Over the nine years studied, refugee students showed the largest cumulative increase at 2,980 per cent, because the program only started in 2014, so it had zero students for its first five years.
Otherwise, foreign students had the greatest cumulative growth to 68 from 10 in 2009, or a 580 per cent increase.
Hat High was the school greatest increase in enrolment from semester to semester, with 1,085 in fall 2018-2019, an increase of 74 students from spring 2017-2018.
Connaught School saw the largest decrease, with 46 fewer than it had in the spring.
For the 2018-2019 school year, MHPSD has $91,157,900 in revenue, 95.5 per cent of which comes from grants.
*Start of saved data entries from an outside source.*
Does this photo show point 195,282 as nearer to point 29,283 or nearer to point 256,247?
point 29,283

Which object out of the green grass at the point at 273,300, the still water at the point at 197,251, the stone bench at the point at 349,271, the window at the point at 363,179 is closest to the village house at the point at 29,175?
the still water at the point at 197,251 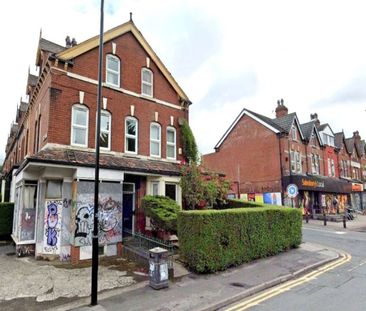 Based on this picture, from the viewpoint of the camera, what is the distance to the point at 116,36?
15656 mm

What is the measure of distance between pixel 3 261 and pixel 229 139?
28782mm

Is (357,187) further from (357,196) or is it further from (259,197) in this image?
(259,197)

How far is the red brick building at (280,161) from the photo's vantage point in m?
31.0

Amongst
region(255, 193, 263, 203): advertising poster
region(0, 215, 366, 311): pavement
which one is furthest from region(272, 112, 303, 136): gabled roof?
region(0, 215, 366, 311): pavement

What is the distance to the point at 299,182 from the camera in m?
29.7

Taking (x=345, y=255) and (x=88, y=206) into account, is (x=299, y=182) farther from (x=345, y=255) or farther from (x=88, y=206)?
(x=88, y=206)

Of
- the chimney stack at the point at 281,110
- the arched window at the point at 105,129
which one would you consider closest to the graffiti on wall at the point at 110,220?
the arched window at the point at 105,129

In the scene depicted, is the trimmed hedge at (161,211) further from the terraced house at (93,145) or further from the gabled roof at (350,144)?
the gabled roof at (350,144)

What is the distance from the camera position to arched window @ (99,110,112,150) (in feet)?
47.1

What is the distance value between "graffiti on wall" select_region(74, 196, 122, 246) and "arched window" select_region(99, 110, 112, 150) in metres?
2.92

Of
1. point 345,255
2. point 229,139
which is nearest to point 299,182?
point 229,139

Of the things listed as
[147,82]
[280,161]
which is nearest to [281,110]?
[280,161]

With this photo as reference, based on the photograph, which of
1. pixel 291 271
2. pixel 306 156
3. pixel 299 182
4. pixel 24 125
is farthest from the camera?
pixel 306 156

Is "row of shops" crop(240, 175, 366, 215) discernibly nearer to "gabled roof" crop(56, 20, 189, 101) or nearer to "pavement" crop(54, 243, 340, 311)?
"gabled roof" crop(56, 20, 189, 101) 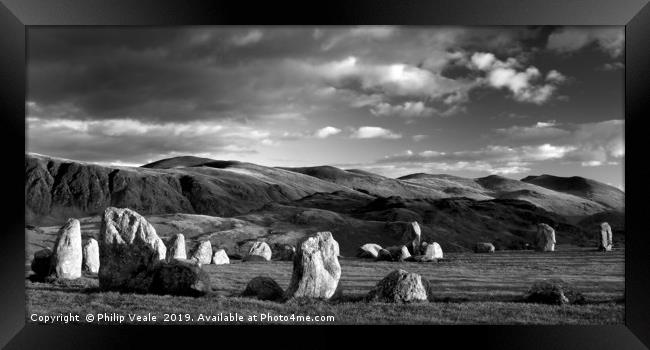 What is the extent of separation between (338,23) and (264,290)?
11.4 meters

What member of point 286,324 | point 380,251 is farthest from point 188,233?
point 286,324

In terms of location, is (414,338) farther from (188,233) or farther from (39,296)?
(188,233)

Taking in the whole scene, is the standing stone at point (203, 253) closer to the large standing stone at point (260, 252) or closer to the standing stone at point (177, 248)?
the standing stone at point (177, 248)

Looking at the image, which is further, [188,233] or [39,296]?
[188,233]

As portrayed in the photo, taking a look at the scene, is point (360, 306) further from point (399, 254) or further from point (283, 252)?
point (283, 252)

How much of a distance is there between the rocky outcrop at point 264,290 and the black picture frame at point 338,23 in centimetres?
446

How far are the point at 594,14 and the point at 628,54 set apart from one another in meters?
1.78

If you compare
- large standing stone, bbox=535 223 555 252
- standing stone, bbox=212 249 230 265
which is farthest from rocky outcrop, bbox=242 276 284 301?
large standing stone, bbox=535 223 555 252

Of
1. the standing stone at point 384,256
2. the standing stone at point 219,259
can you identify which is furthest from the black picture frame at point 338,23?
the standing stone at point 384,256

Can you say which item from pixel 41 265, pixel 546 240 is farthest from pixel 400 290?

Local revenues provide 2.2 per cent, while school-generated funds comprise 2.3 per cent.
Salaries were the division’s largest expense, with $56,189,700 or 61.6 per cent, followed by services, supplies and contracts at 18.2 per cent, employee benefits at 15.3 per cent and debt servicing at 4.8 per cent.
Attendance policy update
Assistant superintendent Corey Sadlemeyer recommended some “minor tweaks” to the attendance policy, which decrease the prominence of the provincial attendance board.
“We’re deeming the attendance board to be an ineffective measure for the amount of time and effort,” Sadlemeyer said, adding the board is still there if necessary.
He said the board’s measures have just a 21 per cent success rate.